(Collected data)
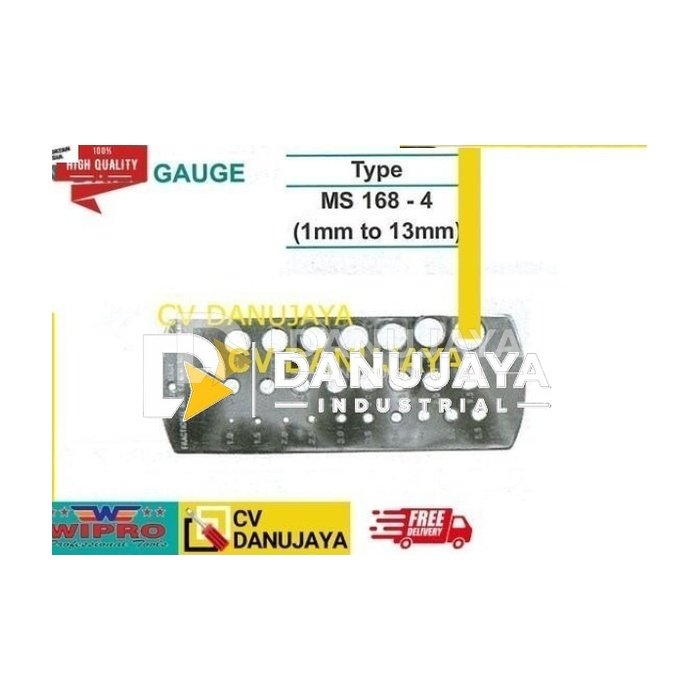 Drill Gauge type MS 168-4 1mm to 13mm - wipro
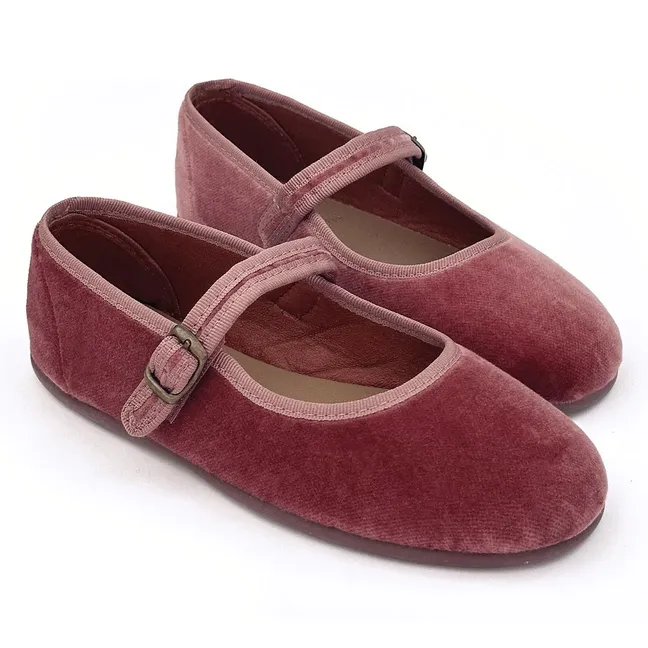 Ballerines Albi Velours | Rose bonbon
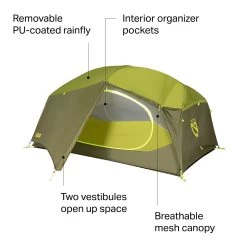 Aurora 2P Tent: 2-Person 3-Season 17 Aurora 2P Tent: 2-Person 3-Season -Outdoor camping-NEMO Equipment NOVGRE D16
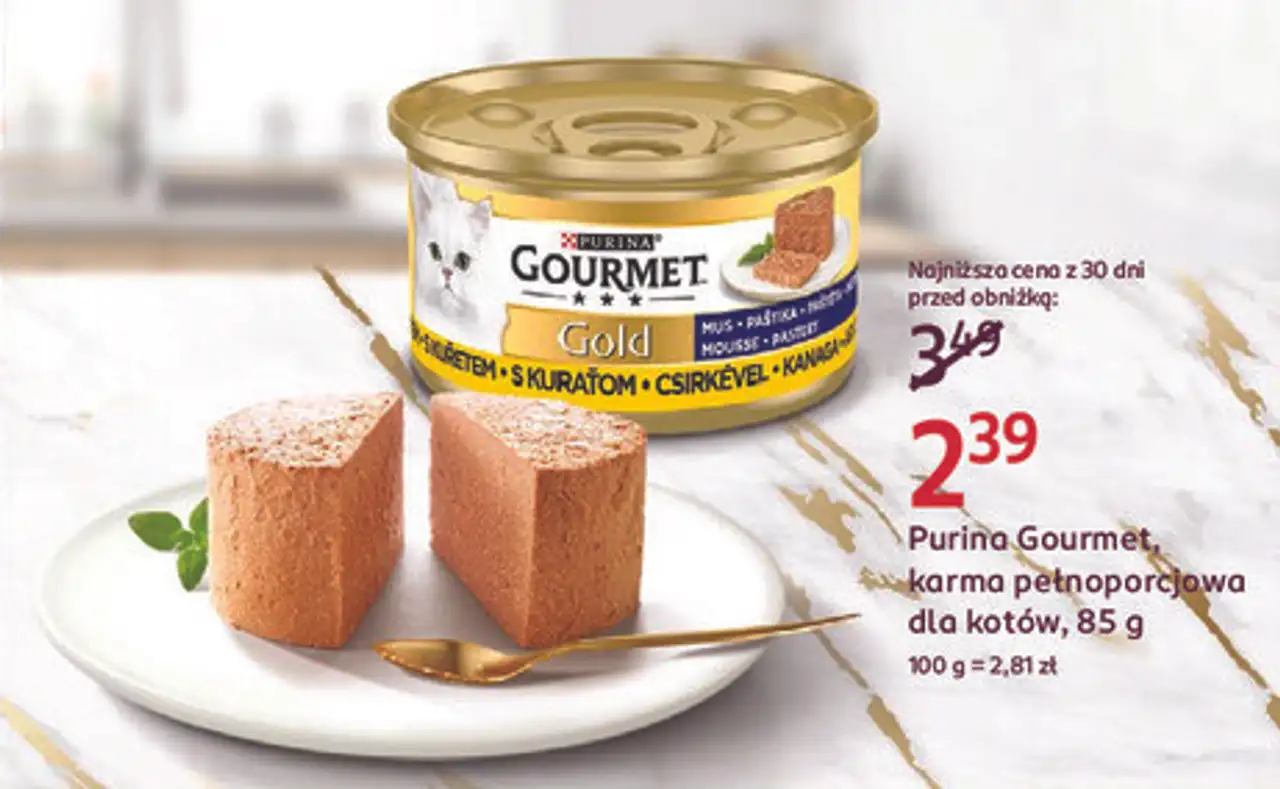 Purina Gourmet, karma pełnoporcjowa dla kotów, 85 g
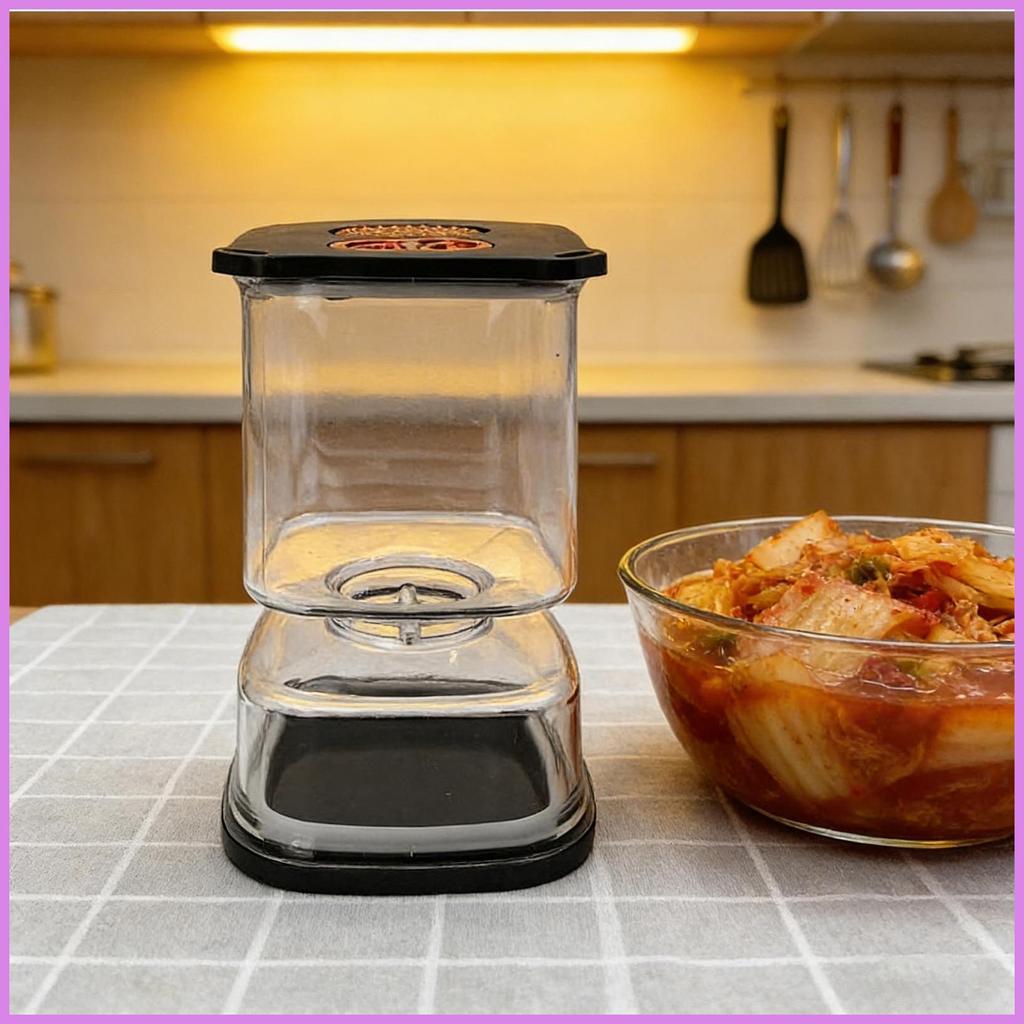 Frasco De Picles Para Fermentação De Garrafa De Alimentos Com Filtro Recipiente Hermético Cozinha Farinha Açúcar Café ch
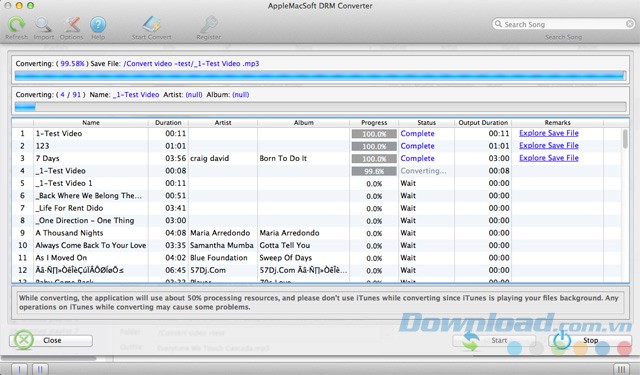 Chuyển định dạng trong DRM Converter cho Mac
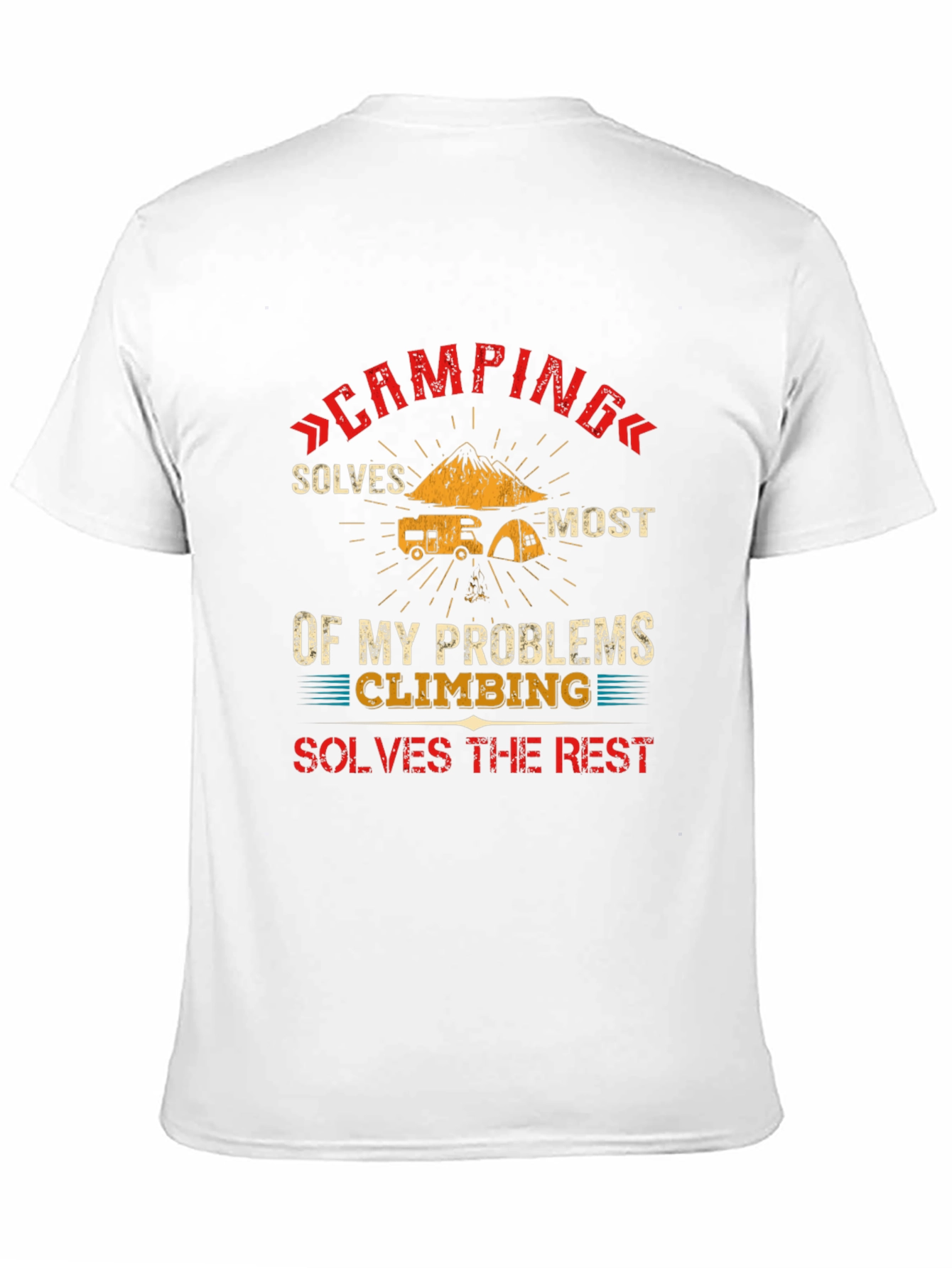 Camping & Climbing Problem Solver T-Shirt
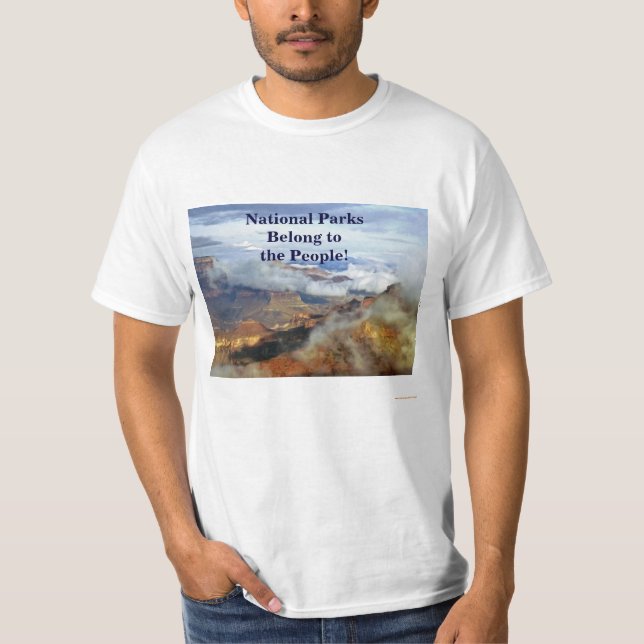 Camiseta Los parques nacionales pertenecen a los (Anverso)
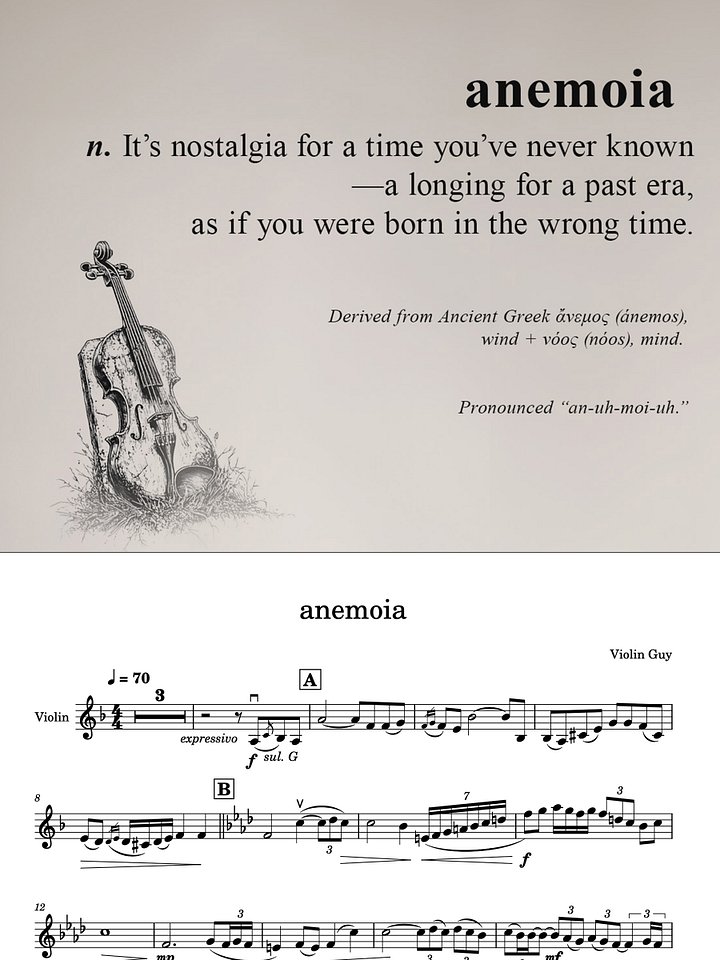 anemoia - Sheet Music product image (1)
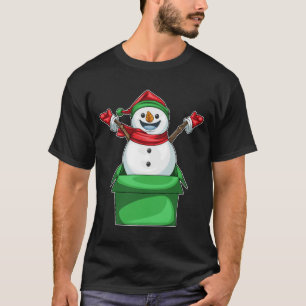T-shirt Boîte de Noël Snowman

- WORK TO BE COMPLETED:
Take each line from the records and copy it unchanged, leaving images out.

- RESPONSE BELOW:
 Drill Gauge type MS 168-4 1mm to 13mm - wipro
 Ballerines Albi Velours | Rose bonbon
 Aurora 2P Tent: 2-Person 3-Season 17 Aurora 2P Tent: 2-Person 3-Season -Outdoor camping-NEMO Equipment NOVGRE D16
 Purina Gourmet, karma pełnoporcjowa dla kotów, 85 g
 Frasco De Picles Para Fermentação De Garrafa De Alimentos Com Filtro Recipiente Hermético Cozinha Farinha Açúcar Café ch
 Chuyển định dạng trong DRM Converter cho Mac
 Camping & Climbing Problem Solver T-Shirt
 Camiseta Los parques nacionales pertenecen a los (Anverso)
 anemoia - Sheet Music product image (1)
T-shirt Boîte de Noël Snowman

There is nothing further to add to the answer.